Our involuntary responses know us better than we know ourselves. As I left King Charles Street in Whitehall last week and passed under the archway into the great court of the Foreign Office — and before I knew where it came from or why — an old and familiar feeling inhabited me. Dejection. This is where I started my working life as an administrative trainee, and those two years were a wretched time: a gradual understanding stealing upon me that I had no talent for this job. This courtyard was the opening scene of my every working day. It struck misery into my soul then, and 45 years later it still does.
I blame myself, however, not our Foreign and Commonwealth Office. I still feel the pride in our history on the world stage, in the way we helped shape the modern world, and in the underlying if sometimes stumbling pursuit of peace, order and civilisation that our country has seemed to me to represent during my own post-second world war lifetime. Britain’s goals have never lacked a certain loftiness, and the splendour of George Gilbert Scott’s 1868 muscular but rich architecture offers some echo of that. He designed this building, he said, as ‘a kind of national palace or drawing room for the nation’.
And it was for such a room that I was headed last week. I’d arranged for a chat with a contact there — a fairly senior person — and as it turned out we were to meet for a cup of tea in exactly the sort of grand drawing room that Gilbert Scott had envisaged. It was hard not to lift one’s eyes from the teacups and marvel at the high-Victorian magnificence.
We fell to talking about possible ways out of the Brexit impasse. Perhaps playing devil’s advocate, my contact asked me about Theresa May’s deal, and the Swiss-style arrangements we might come to, giving Britain the access we need to European markets in exchange for a good measure of compliance with EU rules. ‘What’s wrong with Switzerland?’ my questioner asked. ‘Why would you turn your nose up at occupying a place in the world like that occupied by Switzerland — surely a pretty estimable country? It’s not as if the Swiss are of no account.’
I responded by instinct rather than in a considered way. My eyes roved the high ceiling, the carved oak, the heavy furniture, the extravagant wallpaper, the oil paintings: scenes from Britain’s past grandeur; the statesmen, pomp and circumstance. I suppose (to be honest) that there was a hint of imperial nostalgia in the sweep of my thoughts. And that we should end up like Switzerland? Really?

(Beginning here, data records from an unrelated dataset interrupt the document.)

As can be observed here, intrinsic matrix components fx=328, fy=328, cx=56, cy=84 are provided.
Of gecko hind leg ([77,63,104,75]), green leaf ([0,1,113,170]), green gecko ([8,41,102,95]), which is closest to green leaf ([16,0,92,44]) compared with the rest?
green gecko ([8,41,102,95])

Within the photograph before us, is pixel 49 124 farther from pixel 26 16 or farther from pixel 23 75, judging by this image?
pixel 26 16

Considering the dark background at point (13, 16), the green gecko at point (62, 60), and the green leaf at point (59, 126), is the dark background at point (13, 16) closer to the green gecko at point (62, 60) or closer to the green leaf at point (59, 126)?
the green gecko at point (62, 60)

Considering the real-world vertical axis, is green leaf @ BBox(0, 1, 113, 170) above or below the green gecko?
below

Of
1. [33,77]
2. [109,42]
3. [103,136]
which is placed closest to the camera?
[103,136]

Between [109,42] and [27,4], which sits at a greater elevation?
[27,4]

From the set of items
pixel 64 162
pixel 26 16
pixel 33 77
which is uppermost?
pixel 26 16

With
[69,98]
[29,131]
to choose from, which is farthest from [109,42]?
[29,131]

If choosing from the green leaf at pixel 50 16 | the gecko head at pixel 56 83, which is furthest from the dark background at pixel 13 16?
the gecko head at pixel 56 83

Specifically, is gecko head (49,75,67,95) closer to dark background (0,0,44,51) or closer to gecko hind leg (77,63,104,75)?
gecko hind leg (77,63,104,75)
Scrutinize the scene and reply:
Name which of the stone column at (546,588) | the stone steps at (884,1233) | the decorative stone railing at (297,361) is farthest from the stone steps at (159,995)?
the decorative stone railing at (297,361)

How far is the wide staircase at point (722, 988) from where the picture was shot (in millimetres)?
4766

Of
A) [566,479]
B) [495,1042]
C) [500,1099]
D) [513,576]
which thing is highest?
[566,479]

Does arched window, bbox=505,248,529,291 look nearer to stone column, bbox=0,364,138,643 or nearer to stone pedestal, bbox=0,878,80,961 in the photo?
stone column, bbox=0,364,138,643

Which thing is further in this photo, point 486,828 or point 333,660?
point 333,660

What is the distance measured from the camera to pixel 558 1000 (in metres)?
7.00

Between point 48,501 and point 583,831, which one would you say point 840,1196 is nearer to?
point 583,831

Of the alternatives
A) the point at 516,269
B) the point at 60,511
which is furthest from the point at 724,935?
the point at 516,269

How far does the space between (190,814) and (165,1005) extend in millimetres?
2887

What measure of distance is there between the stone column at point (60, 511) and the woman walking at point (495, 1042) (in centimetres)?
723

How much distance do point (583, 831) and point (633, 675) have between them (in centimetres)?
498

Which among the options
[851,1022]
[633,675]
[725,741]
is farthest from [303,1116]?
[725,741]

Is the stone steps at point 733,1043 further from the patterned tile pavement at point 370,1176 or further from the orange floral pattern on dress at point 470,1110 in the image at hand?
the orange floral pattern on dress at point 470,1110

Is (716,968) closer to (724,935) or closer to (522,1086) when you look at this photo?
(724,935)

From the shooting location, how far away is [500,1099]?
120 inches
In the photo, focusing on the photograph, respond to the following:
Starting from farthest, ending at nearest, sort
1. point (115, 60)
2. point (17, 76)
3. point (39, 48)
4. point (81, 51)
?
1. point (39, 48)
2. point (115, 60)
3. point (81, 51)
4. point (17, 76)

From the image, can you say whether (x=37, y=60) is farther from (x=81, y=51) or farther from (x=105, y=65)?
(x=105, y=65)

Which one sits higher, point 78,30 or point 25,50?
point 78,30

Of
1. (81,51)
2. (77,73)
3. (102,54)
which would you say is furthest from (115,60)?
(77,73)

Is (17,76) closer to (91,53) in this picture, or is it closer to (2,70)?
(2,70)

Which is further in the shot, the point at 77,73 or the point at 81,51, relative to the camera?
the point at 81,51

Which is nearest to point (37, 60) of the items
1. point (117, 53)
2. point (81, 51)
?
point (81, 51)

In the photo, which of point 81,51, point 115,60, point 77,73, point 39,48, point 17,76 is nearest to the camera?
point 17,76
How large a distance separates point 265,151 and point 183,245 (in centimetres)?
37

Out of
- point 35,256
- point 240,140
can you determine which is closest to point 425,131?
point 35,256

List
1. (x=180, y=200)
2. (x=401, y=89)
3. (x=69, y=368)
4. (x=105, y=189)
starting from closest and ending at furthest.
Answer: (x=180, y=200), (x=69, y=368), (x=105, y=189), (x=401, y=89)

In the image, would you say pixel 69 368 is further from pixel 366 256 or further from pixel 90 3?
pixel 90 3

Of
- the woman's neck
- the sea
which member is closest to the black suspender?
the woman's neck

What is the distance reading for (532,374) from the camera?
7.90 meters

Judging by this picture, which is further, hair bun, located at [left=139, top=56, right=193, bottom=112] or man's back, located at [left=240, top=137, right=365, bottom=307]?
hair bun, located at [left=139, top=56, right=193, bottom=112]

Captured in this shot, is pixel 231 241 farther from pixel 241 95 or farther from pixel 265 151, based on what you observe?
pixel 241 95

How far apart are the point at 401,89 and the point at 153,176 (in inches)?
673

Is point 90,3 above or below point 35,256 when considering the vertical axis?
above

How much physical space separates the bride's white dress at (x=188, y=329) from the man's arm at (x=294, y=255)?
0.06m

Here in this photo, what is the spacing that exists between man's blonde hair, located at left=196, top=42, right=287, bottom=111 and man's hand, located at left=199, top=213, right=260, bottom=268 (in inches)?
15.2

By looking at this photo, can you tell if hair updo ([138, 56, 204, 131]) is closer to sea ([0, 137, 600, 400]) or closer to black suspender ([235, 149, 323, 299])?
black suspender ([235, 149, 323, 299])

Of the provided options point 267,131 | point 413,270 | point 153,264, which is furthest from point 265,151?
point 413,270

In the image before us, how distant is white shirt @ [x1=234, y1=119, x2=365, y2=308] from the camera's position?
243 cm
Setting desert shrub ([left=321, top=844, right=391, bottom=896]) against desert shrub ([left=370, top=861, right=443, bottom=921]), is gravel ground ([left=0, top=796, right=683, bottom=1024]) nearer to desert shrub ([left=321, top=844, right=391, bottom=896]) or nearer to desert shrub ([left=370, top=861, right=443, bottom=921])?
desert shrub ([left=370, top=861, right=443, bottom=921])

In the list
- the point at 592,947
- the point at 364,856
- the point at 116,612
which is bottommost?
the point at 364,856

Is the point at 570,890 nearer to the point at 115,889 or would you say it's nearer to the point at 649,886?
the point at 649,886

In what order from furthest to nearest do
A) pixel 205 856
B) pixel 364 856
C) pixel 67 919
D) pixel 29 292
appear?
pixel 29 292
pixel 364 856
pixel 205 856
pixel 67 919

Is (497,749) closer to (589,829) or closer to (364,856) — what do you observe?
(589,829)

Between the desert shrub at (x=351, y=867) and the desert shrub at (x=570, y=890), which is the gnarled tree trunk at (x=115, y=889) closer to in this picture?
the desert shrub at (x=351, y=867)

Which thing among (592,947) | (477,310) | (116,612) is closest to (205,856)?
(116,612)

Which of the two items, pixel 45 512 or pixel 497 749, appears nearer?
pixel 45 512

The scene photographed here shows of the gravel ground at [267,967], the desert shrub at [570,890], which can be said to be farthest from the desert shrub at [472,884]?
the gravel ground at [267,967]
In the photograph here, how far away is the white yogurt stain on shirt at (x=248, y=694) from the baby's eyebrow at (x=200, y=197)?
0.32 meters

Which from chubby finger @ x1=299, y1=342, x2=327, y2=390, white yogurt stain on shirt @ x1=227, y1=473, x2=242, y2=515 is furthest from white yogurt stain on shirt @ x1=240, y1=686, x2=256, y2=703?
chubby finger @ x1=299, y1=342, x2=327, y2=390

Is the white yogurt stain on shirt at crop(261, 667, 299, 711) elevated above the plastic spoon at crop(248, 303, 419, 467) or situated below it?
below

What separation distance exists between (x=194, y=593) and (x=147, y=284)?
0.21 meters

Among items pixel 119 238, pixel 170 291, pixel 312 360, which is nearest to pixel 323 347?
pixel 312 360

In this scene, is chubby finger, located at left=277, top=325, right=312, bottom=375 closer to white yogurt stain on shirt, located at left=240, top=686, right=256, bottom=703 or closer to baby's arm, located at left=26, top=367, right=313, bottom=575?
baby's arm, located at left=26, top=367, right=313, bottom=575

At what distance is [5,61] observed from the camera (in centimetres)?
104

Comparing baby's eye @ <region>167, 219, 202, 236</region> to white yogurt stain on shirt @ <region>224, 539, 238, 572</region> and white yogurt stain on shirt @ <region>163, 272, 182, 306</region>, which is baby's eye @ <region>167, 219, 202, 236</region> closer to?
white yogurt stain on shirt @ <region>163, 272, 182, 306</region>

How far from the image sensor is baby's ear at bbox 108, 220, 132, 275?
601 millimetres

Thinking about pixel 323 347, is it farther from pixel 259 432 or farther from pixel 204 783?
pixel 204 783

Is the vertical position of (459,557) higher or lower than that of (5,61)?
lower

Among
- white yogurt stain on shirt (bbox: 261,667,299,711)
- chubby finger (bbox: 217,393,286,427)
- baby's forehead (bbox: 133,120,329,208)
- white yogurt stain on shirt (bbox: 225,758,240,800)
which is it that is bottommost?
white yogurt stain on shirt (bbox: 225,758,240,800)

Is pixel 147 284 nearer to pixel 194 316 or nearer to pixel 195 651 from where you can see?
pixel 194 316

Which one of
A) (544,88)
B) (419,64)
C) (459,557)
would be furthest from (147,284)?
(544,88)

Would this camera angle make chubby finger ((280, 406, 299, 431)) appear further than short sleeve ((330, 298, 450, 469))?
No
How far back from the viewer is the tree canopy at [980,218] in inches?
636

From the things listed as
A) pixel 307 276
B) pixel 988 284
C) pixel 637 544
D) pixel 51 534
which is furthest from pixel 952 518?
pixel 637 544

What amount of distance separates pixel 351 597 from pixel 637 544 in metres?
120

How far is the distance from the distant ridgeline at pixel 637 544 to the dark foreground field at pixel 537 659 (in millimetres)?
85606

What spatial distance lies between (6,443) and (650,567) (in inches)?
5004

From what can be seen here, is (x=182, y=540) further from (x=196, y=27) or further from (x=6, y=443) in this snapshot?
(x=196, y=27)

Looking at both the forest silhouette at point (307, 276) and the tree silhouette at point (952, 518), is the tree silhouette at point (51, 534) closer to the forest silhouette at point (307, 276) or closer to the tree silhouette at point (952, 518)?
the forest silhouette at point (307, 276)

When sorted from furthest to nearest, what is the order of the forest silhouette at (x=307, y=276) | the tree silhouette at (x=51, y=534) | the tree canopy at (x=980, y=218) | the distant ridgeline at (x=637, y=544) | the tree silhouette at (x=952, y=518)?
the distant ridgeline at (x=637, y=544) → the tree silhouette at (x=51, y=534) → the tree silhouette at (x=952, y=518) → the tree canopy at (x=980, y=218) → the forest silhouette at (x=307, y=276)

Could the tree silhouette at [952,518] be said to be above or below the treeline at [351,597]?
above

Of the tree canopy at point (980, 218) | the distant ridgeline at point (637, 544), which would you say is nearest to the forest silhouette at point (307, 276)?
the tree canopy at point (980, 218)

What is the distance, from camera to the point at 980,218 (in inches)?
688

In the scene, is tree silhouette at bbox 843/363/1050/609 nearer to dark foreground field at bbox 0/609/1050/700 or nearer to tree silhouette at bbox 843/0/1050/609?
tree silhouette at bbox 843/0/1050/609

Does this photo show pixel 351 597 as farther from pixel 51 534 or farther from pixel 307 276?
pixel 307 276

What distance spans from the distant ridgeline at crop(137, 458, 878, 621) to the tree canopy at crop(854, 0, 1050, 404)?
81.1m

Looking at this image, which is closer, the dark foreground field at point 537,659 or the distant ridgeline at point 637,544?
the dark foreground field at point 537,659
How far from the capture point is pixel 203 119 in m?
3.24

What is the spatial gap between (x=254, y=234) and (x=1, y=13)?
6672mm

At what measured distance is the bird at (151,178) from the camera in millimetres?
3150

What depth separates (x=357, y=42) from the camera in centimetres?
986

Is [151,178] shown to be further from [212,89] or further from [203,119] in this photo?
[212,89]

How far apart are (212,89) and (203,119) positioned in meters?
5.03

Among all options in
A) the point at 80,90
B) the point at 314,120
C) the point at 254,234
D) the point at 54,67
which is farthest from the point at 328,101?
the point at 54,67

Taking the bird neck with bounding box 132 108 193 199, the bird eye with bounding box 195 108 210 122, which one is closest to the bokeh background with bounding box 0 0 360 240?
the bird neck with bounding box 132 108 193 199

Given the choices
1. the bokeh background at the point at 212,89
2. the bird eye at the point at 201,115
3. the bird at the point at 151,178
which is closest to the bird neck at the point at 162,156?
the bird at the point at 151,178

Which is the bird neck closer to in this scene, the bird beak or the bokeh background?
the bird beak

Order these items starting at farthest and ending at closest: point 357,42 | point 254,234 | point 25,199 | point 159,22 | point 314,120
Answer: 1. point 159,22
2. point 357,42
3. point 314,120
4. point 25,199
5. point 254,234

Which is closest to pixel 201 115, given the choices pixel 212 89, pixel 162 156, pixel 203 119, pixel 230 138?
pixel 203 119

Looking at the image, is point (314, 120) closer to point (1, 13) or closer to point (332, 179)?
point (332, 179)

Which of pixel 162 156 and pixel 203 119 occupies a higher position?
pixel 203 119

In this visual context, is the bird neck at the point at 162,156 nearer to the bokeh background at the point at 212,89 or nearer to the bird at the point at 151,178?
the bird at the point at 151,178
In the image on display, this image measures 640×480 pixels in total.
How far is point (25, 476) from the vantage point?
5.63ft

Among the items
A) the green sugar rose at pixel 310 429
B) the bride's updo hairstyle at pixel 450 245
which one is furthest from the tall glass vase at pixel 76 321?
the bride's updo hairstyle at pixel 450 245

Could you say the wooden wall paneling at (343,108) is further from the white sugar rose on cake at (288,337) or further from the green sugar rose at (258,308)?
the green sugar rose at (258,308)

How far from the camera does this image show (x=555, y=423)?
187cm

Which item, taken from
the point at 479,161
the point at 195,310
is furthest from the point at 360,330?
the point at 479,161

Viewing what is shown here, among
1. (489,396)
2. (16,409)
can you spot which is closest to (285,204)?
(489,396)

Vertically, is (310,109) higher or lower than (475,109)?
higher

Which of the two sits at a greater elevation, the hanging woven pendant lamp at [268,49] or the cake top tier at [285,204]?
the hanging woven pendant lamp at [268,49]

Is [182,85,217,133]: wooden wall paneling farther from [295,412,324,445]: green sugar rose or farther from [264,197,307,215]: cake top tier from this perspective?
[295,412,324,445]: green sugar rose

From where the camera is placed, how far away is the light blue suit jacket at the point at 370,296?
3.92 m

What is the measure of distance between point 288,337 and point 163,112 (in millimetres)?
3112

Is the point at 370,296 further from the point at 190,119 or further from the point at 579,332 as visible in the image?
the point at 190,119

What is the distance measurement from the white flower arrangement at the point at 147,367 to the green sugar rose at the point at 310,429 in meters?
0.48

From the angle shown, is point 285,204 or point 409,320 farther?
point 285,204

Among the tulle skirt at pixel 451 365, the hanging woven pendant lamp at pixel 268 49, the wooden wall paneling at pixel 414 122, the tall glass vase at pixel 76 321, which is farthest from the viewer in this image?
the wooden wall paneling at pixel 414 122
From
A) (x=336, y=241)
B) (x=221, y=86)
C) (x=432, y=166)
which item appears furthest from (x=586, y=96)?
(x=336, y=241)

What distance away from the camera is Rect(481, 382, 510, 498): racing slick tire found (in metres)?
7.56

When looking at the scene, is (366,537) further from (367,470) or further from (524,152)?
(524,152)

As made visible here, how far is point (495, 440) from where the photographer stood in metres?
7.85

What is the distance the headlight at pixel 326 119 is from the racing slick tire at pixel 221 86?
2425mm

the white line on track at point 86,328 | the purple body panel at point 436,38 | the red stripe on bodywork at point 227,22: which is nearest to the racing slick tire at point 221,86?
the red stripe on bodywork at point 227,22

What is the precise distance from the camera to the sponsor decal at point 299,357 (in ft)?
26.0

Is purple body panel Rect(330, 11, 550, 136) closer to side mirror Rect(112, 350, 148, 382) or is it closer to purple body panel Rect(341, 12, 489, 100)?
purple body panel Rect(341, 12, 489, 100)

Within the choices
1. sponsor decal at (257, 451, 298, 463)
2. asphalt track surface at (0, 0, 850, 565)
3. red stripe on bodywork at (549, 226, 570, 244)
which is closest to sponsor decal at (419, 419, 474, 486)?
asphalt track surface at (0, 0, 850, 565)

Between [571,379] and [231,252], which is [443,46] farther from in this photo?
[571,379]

‘We’re better than that,’ I said.
He made no reply. But the moment I’d said it, the obvious reply hit me. I was talking like a hardline Leaver! I was talking like Boris Johnson. This was the language of British exceptionalism: the idea that we deserved a respect, and had an influence to offer, beyond that of a secondary European power. This was the language of a Briton who did not want to see our country subsumed into a sort of satellite status, in orbit around a European bloc.
And the next thing that struck me was this: hardline Remainers like myself are quite close to meeting hardline Leavers somewhere round the back of a circle. A hardline Leaver chafes at the power of Brussels, dreams of a Britain that holds its head up in the world, wants to ‘make Britain great again’. Such a person sees a half-in, half-out Brexit deal with the EU as a kind of vassalage: a humiliation.
A hardline Remainer, on the other hand, sees Britain as a leading European power, punching our considerable weight in a community of nations most of which are smaller, less powerful or less successful than ourselves, helping map out a positive future for our continent as we did when we led the way in the creation of the single market; using our diplomatic skills to advance our continent’s interests in the world, and vetoing directions we think ill-advised. So it follows that we Remainers, too, chafe at what (I recall from my FCO days) one of our pun-loving ambassadors described as ‘a Swiss role in Europe’. We too saw Mrs May’s deal as a kind of vassalage. We can’t be persuaded that it was anything other than a relegation of our global status.
Those like me who think we should stay, and stay at the centre of things, and those like (I assume) Mr Johnson who think we must show the EU a clean pair of heels, have more in common than we think. We should plead guilty to a certain measure of what may be post-imperial delusion. But we should think hard before accusing the other side of any failure of ambition or national pride.
Are the compromisers, the May-dealers, the vassalage merchants, perhaps then the realists in all this? Is it they who refuse to be sentimental about Britain’s place in the world? Is it they who understand that if, as that slender majority back in 2016 instructed, we are to leave the EU, then we should accept as inevitable the modest relegation of our status that a Brexit-in-name-only will demand?
At the same time as suspecting that the answer to that question may be yes, I can’t but think that if you add the post–imperial dreamers who are Leavers to the post–imperial dreamers who are Remainers — if, in other words, you assemble all those citizens for whom the idea of ‘vassalage’ sticks in the craw, then you have a pretty hefty majority of the population. To whichever side — ‘punch our weight in Europe’ or ‘turn our back on Europe’ — your post-imperial dreaming drives you, you will never be content with a Swiss role in Europe.
I may be wrong, but I have a nagging suspicion that we will finally end up with the kind of deal (whether pre-Brexit or post-Brexit) that requires the swallowing of a big dollop of pride. It will not sit easily with us. National peace of mind remains a long, long way off.